I enjoyed the brief wink to Real Housewives of New York in the scene where Claire’s friend Sasha confesses that she has a habit of drinking alone in her bedroom while she watches the show. What can your fans and viewers expect from the series’ upcoming sixth season?
Ladies who lunch, brunch and walk and talk. Drama.
Has becoming a reality TV personality impacted your writing in any way? If so, how?
Yes, mostly in terms of time. The show is very consuming during the months of filming and also during the months that it airs. And writing has to be consuming, too, if you’re going to be any good at it. I need to write every day even if I’m not working on a specific project, or the quality suffers and then it takes time to bring it back up again. Also, the show is very structured with strict time commitments and I like a long lazy flow of time to write in. I’m working on a book of essays right now, while filming the show, and it’s very challenging to find the creative, unstructured space that I need.
Last season on the show, you mentioned that The Widow’s Guide To Sex And Dating was being considered for a television pilot. Have there been any developments on that front that you can share? And is the idea of seeing your work being translated to another medium something that excites you?
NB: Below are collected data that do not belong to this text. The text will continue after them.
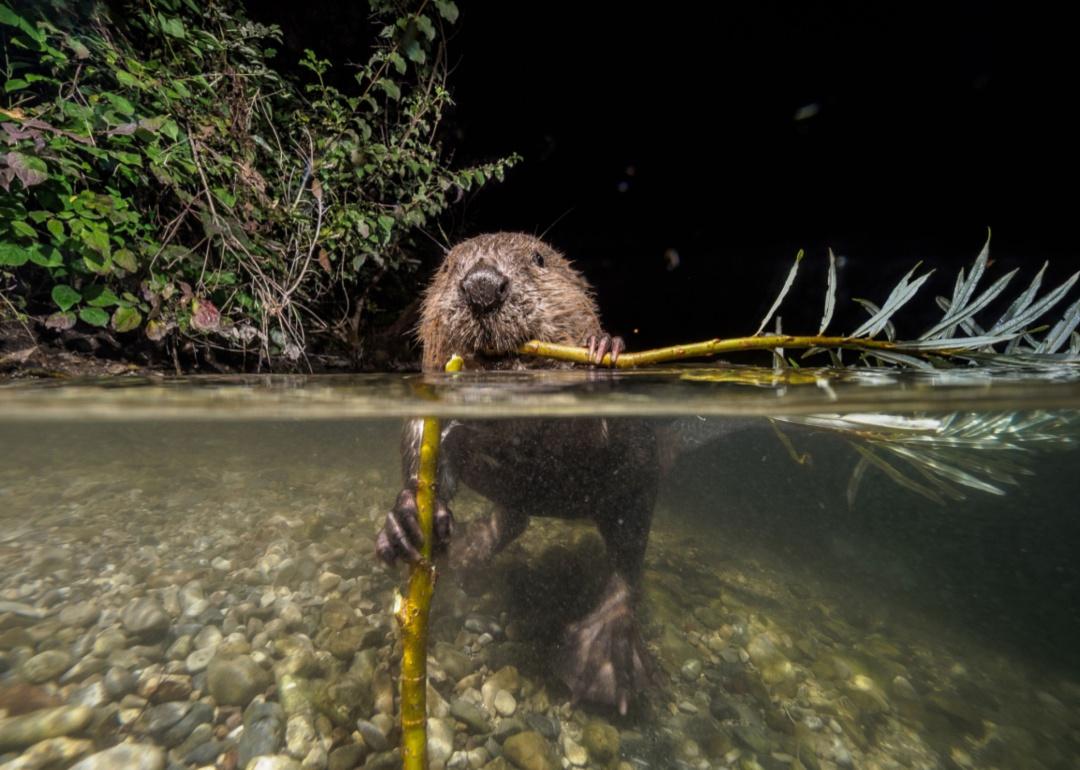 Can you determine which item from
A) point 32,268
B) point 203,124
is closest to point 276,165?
point 203,124

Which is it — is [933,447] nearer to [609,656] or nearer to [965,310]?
[965,310]

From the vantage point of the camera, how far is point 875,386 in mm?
2357

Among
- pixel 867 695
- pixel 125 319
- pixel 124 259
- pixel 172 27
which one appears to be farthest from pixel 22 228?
pixel 867 695

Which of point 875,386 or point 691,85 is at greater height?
point 691,85

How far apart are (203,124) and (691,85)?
469cm

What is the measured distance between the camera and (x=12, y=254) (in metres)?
2.88

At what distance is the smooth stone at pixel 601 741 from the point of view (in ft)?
6.60

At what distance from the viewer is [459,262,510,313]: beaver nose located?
249cm

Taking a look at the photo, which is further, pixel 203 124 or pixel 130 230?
pixel 203 124

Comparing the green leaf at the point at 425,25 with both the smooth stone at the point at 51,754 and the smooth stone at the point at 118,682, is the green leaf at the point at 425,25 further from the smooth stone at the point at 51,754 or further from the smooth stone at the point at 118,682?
the smooth stone at the point at 51,754

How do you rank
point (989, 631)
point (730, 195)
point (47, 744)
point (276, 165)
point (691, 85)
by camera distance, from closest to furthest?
point (47, 744), point (276, 165), point (989, 631), point (691, 85), point (730, 195)

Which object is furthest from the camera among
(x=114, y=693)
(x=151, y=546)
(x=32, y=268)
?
(x=32, y=268)

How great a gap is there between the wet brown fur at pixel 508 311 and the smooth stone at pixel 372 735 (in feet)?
5.42

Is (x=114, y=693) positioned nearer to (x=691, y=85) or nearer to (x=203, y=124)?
(x=203, y=124) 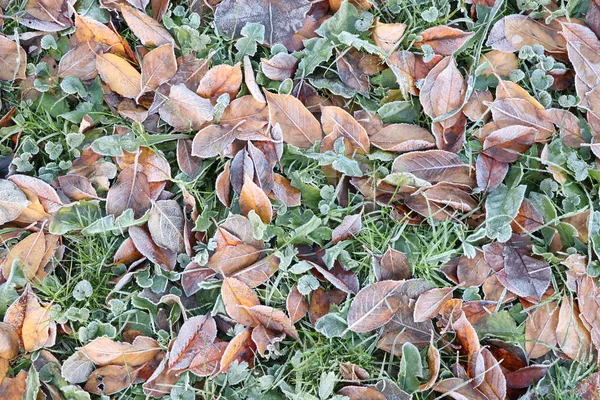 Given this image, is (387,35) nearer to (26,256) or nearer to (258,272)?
(258,272)

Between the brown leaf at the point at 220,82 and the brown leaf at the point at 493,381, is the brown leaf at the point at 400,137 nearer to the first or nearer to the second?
the brown leaf at the point at 220,82

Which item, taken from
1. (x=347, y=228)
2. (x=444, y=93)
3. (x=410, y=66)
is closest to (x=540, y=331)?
(x=347, y=228)

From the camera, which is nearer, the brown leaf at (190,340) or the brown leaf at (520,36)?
the brown leaf at (190,340)

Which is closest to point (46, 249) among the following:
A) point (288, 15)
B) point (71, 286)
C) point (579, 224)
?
point (71, 286)

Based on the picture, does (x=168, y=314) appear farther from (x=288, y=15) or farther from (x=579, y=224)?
(x=579, y=224)

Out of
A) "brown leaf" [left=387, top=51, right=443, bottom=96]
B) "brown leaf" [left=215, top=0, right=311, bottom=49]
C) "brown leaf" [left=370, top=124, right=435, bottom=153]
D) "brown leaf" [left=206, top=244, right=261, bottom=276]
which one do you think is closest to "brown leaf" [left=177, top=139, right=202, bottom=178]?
"brown leaf" [left=206, top=244, right=261, bottom=276]

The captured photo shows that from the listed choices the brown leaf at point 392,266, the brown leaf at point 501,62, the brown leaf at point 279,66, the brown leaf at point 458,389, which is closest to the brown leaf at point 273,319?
the brown leaf at point 392,266

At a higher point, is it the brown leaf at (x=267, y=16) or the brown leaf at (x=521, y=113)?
the brown leaf at (x=267, y=16) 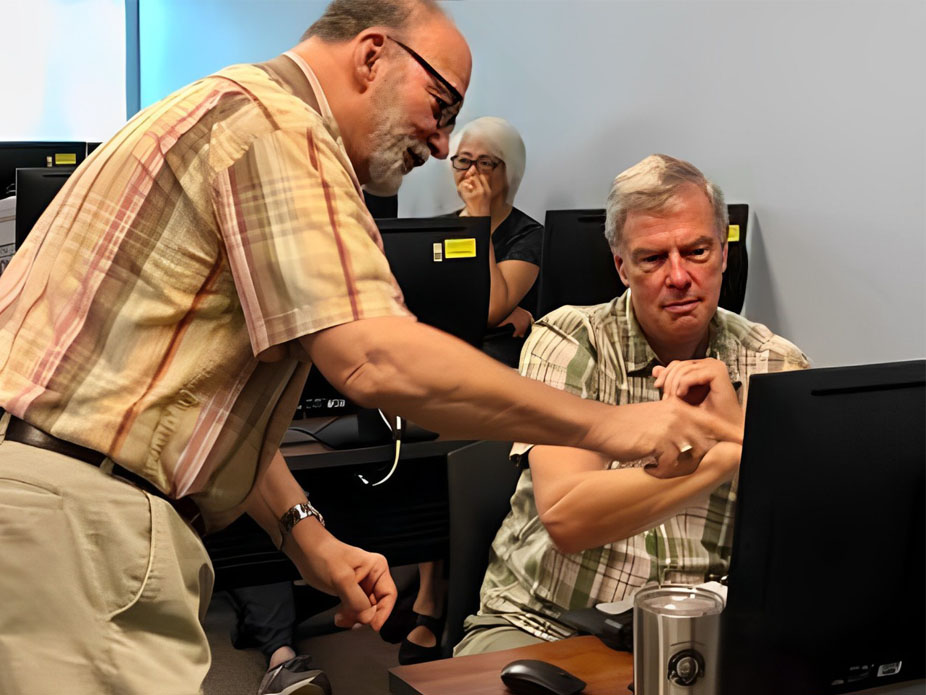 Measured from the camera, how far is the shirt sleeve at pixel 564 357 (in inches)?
76.4

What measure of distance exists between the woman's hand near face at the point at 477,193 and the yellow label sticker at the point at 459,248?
58.0 inches

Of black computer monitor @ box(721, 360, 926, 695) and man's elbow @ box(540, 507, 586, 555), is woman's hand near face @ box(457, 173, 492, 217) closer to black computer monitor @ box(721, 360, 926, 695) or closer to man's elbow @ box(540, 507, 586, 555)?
man's elbow @ box(540, 507, 586, 555)

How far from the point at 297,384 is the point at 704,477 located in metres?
0.70

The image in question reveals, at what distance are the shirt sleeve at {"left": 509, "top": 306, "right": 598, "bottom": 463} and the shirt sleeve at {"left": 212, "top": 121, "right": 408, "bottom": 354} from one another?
2.82 ft

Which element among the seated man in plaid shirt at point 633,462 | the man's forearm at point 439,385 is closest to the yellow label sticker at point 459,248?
the seated man in plaid shirt at point 633,462

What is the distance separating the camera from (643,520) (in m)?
1.70

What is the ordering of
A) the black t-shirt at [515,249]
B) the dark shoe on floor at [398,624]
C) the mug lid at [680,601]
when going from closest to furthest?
1. the mug lid at [680,601]
2. the dark shoe on floor at [398,624]
3. the black t-shirt at [515,249]

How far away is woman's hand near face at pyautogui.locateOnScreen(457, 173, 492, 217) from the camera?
4.23 metres

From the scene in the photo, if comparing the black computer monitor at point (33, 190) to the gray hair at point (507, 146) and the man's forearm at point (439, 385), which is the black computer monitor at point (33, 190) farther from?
the man's forearm at point (439, 385)

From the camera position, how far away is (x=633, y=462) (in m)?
1.71

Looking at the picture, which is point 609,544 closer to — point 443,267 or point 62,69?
point 443,267

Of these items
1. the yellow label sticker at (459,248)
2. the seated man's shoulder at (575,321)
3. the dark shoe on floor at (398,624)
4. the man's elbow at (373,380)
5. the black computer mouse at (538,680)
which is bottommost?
the dark shoe on floor at (398,624)

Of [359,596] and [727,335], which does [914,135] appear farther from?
[359,596]

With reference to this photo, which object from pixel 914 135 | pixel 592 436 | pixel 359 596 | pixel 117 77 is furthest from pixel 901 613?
pixel 117 77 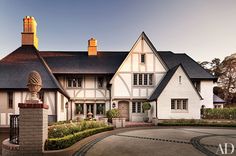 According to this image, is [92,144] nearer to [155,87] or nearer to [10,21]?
[155,87]

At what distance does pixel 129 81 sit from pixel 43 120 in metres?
17.8

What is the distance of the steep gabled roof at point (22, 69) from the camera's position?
19.2 m

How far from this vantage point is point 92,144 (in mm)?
10164

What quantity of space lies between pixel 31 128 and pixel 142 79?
18689 mm

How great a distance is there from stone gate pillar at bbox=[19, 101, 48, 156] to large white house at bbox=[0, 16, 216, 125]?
13.1 m

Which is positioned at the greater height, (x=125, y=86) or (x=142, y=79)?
(x=142, y=79)

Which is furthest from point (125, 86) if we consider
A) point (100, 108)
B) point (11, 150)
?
point (11, 150)

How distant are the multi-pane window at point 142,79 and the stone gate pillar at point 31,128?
18157 mm

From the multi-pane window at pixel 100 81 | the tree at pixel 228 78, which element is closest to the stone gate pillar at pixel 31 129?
the multi-pane window at pixel 100 81

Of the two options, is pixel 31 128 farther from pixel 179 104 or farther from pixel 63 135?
pixel 179 104

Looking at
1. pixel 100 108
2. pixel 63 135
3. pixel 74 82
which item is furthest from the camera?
pixel 74 82

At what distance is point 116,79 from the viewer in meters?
24.3

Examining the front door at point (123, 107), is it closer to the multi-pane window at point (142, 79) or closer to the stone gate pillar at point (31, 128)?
the multi-pane window at point (142, 79)

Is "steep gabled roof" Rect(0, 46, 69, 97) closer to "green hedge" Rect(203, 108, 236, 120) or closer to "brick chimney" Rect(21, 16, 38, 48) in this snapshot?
"brick chimney" Rect(21, 16, 38, 48)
Television is still an option, I’ve had a lot of interest but haven’t found the right fit yet. Scripted television is so dynamic and creative right now that, of course, yes, I’d be thrilled to see Claire Byrne’s adventures come to life on a screen. I have so many great ideas for her.
Anything else you’d like to add about the book that we didn’t discuss?
These were great questions, thank you! I just want people to have fun with it.